January is almost over. Even though it's been a very long month at my house, I still shake my head in disbelief when I look at the calendar. Time marches on!
I am very glad I set health-related goals for January. Making better choices about diet and exercise has been a good way to kick-start the year. Doing a separate fitness challenge was probably a mistake, because I feel lots more pressure than I would if I was relying on my internal motivation alone. It's too much; I might bow out of that. Live and learn!
Through this process, I have learned and/or remembered a few things about myself.

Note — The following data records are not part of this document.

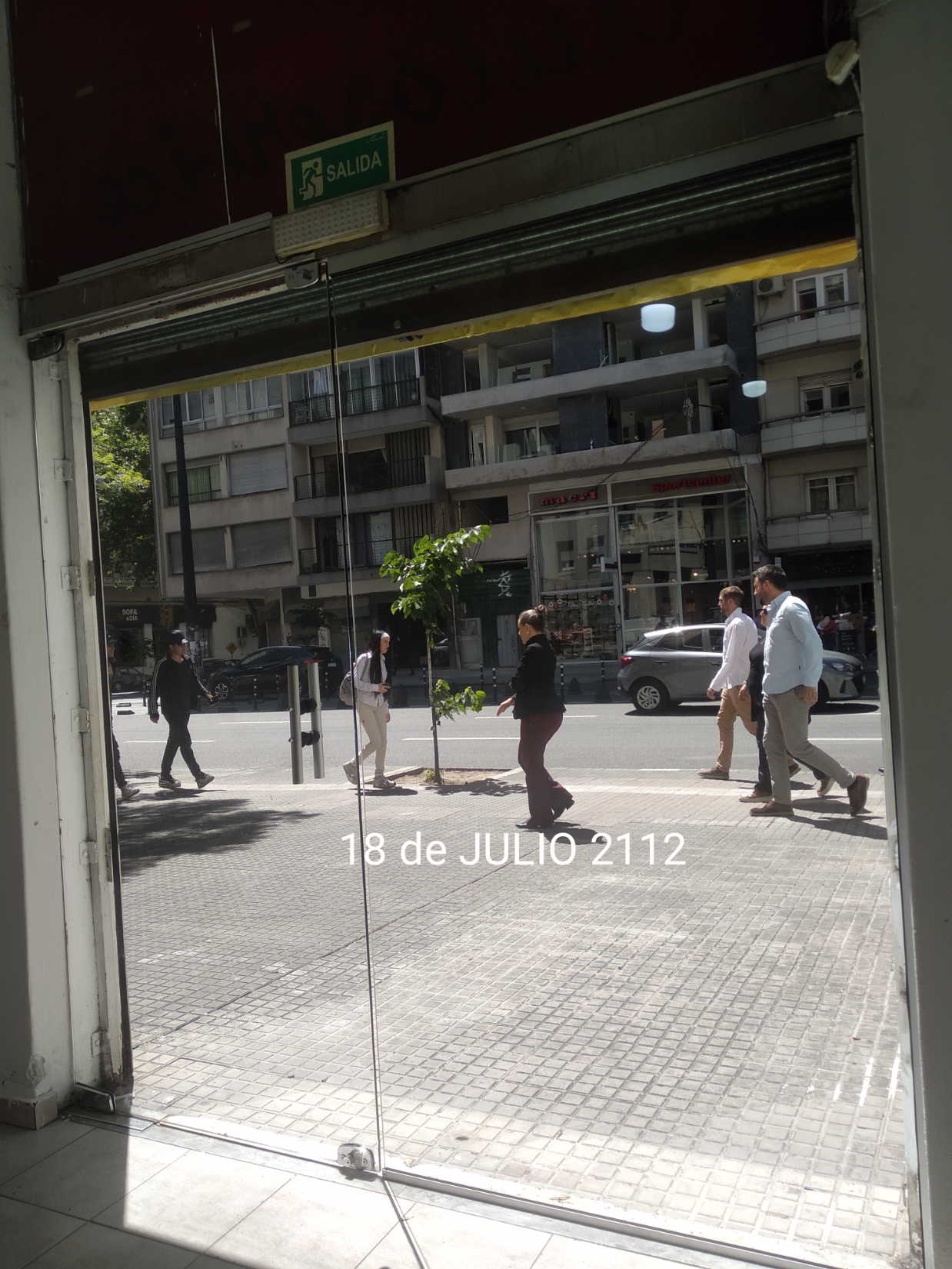 18 De Julio Y  J.requena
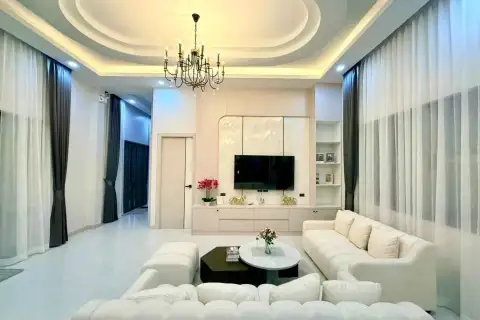 4 Bedroom House for Sale in Mabprachan, Pattaya, Thailand — 4-bedroom House — photo 2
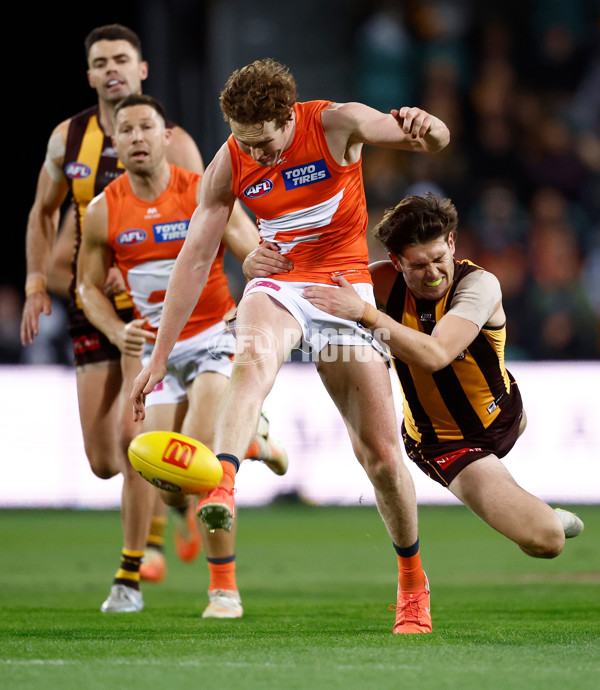 AFL 2025 Round 03 - Hawthorn v GWS - A-58215800
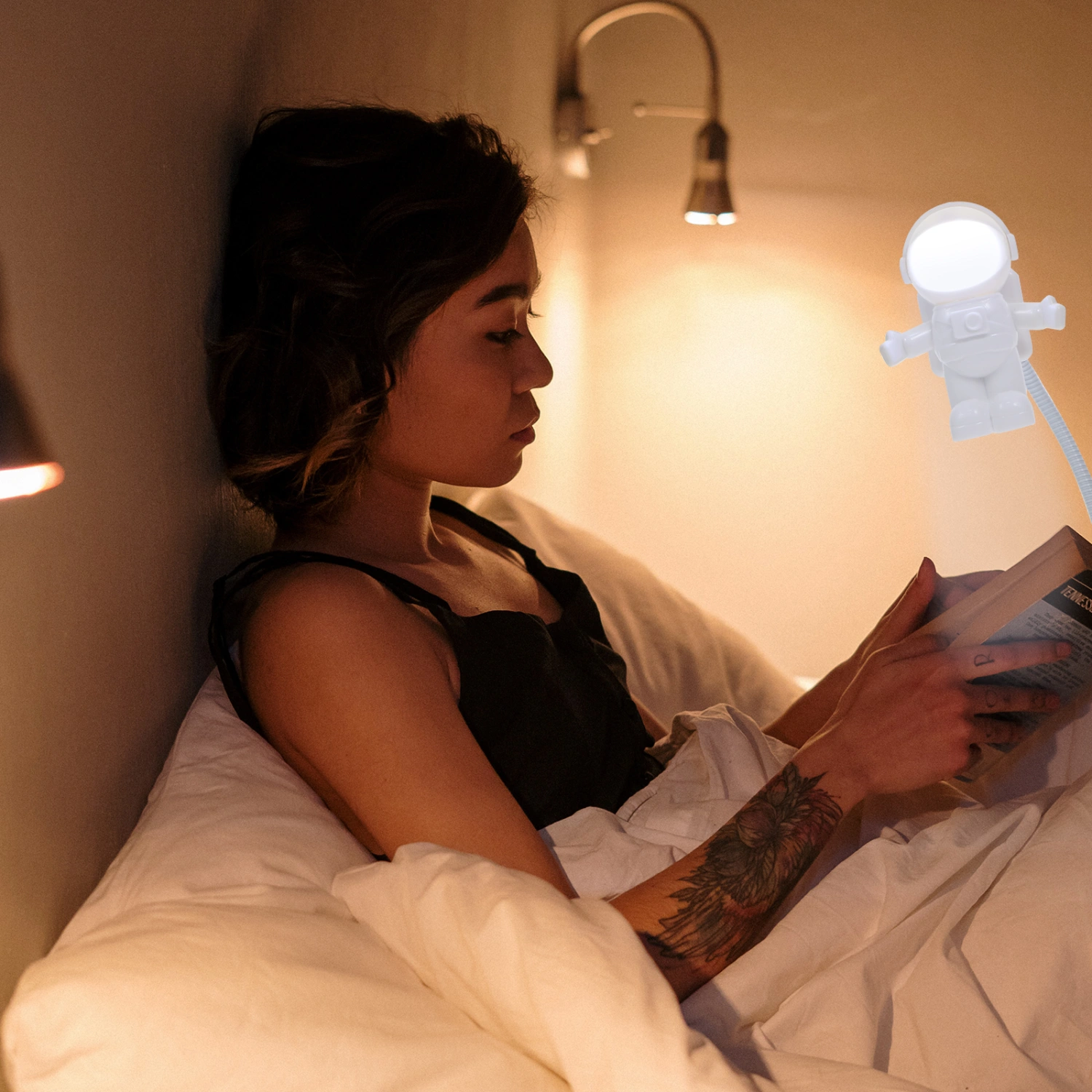 1PC Astronaut Pattern USB Night Lights Dormitory Table Lamp LED Reading Light Student Eye-Protection Table Lamp Bedside Lamp Night Light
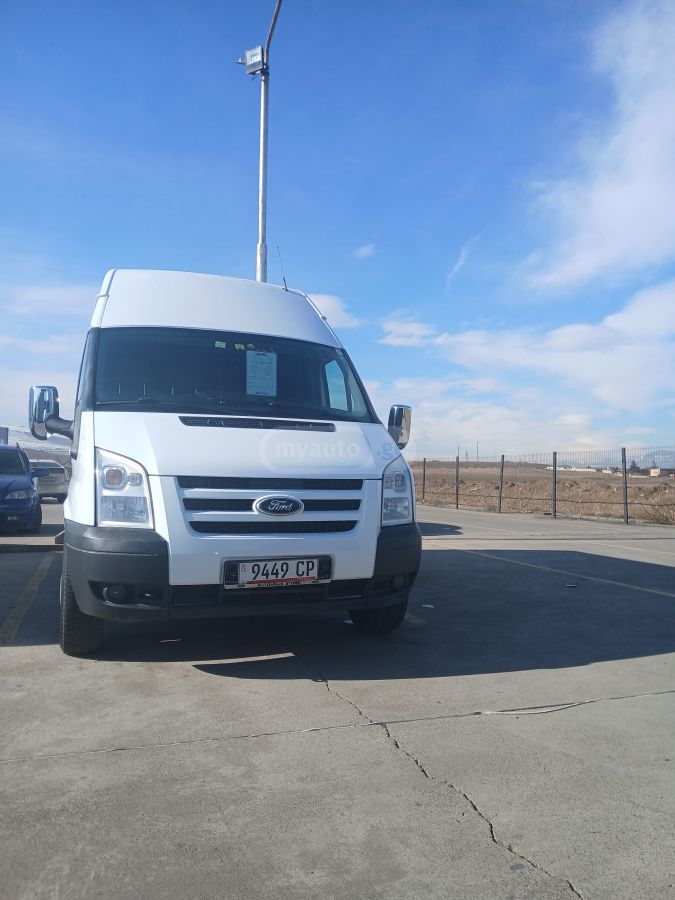 Ford Transit 2010 — photo 2
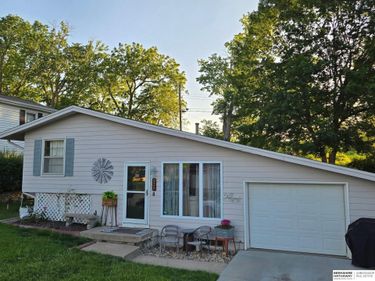 920 PLEASANT Drive , Plattsmouth, NE 68048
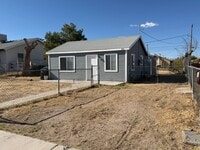 Building Photo - Charming 3-Bedroom Home – Move-In Ready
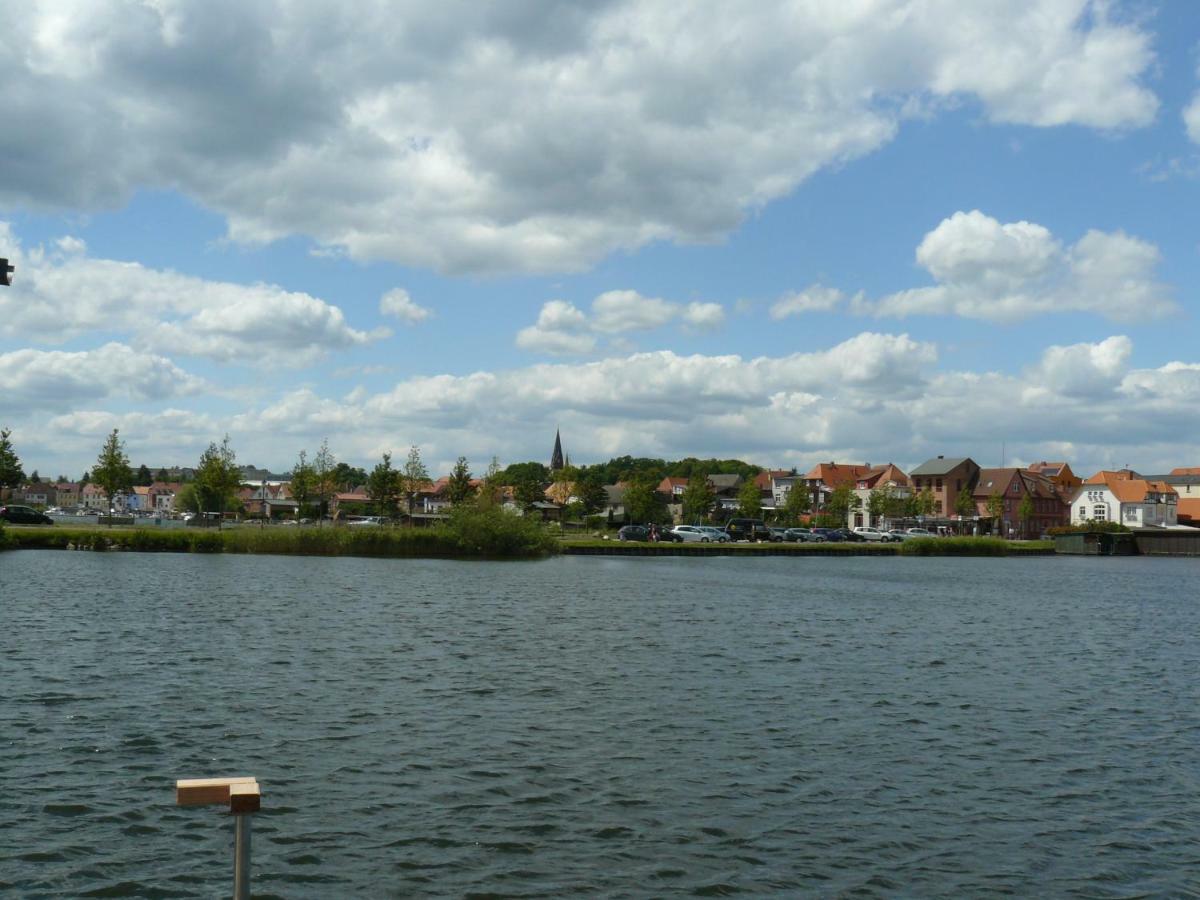 kleines Ferienhaus am Feldrand Malchow  Exterior foto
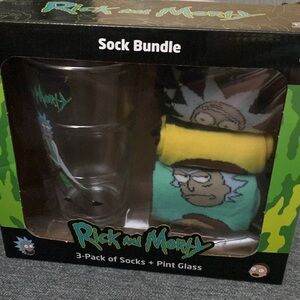 Rick and Morty 3 pack of great of socks and a pint glass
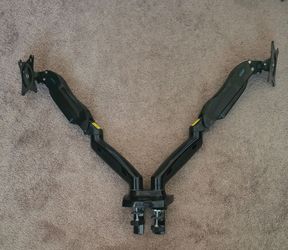 Dual monitor desktop mount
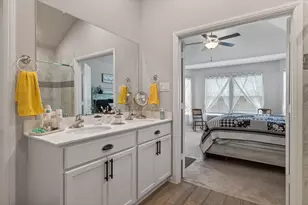 14136 Danesdale Dr, Pilot Point, TX 76258 - Photo 19
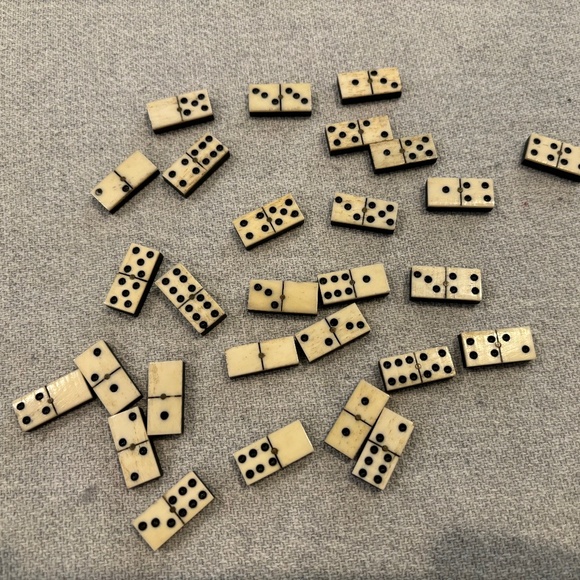 19th Century Civil War Era Mini Bone and Ebony Dominos 28 Complete Piece Set - Picture 1 of 8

First, I am an "abstainer" rather than a "moderator." It is SO much easier for me to cut dessert out completely than to eat it occasionally, or to have no ice cream at all than just a small serving. On the flip side, exercising every single day (except Sunday, which I always take off) is lots easier than three days a week. I'm an all-or-nothing girl.
Second, fruits and vegetables taste yummy and are very satisfying. I love apples.
Third, I am rarely hungry. If I only eat when I'm actually hungry, I don't eat nearly as often as I habitually wander into the kitchen. And I'm not always hungry at traditional mealtimes, which is complicated, since I live with and am responsible to feed six other people.
Fourth, I am a very emotional eater. The last two weeks have been really rough, and I'm sorry to say I abandoned my goals for a while in favor of old habits. My empty resolution chart has haunted me, which hasn't helped my mood! I keep telling myself that tomorrow is a new day...
Fifth, exercise makes me happy. Endorphins coupled with the uplifting material I'm reading in the Ensign magazine (during my walking periods) can boost my mood significantly. When I'm walking/jogging, good things click into place mentally and I feel empowered to do better in many areas of my life.
So now, at the end of January, as I take account of my efforts to change, I think that overall it has been a successful month. I'm glad I will continue with my health-related goals throughout the year. It will take a long time to extinguish bad habits and solidify the good. Because of my persistent ill health and imbalanced hormones, I haven't lost a single pound, my clothes feel exactly the same, and I haven't been able to change how I feel, but I don't think my January goals were a waste. Onward and upward!